Exploring a cosmic-ray origin of the multiwavelength emission in M31

A recent detection of spatially extended gamma-ray emission in the central region of the Andromeda galaxy (M31) has led to several possible explanations being put forth, including dark matter annihilation and millisecond pulsars. Another possibility is that the emission in M31 can be accounted for with a purely astrophysical cosmic-ray (CR) scenario. This scenario would lead to a rich multiwavelength emission that can, in turn, be used to test it. Relativistic cosmic-ray electrons (CRe) in magnetic fields produce radio emission through synchrotron radiation, while x-rays and gamma rays are produced through inverse Compton scattering. Additionally, collisions of primary cosmic-ray protons (CRp) in the interstellar medium produce charged and neutral pions that then decay into secondary CRe (detectable through radiative processes) and gamma rays.
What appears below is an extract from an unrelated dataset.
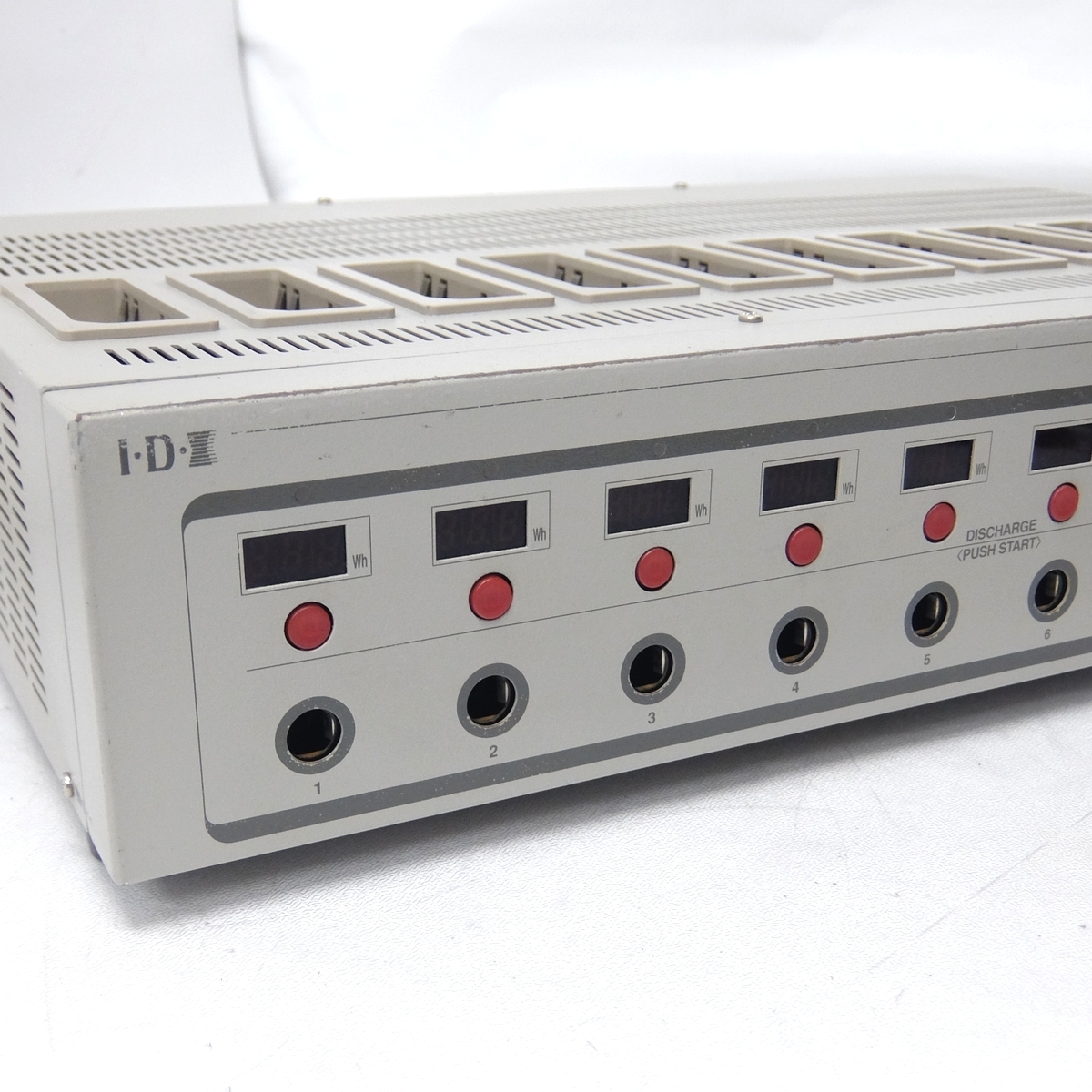 IDX 10ch バッテリーチャージャー ALD-10α【中古/動作品ですが古いのでジャンク】#313904_画像2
Here, we explore the viability of a CR origin for multiwavelength emission in M31, taking into consideration three scenarios: a CR scenario dominated by primary CRe, one dominated by CRp and the resulting secondary CRe and gamma rays from neutral pion decay, and a final case in which both of these components exist simultaneously. We find that the multicomponent model is the most promising, and is able to fit the multiwavelength spectrum for a variety of astrophysical parameters consistent with previous studies of M31 and of cosmic-ray physics. However, the CR power injection implied by our models exceeds the estimated CR power injection from typical astrophysical cosmic-ray sources such as supernovae.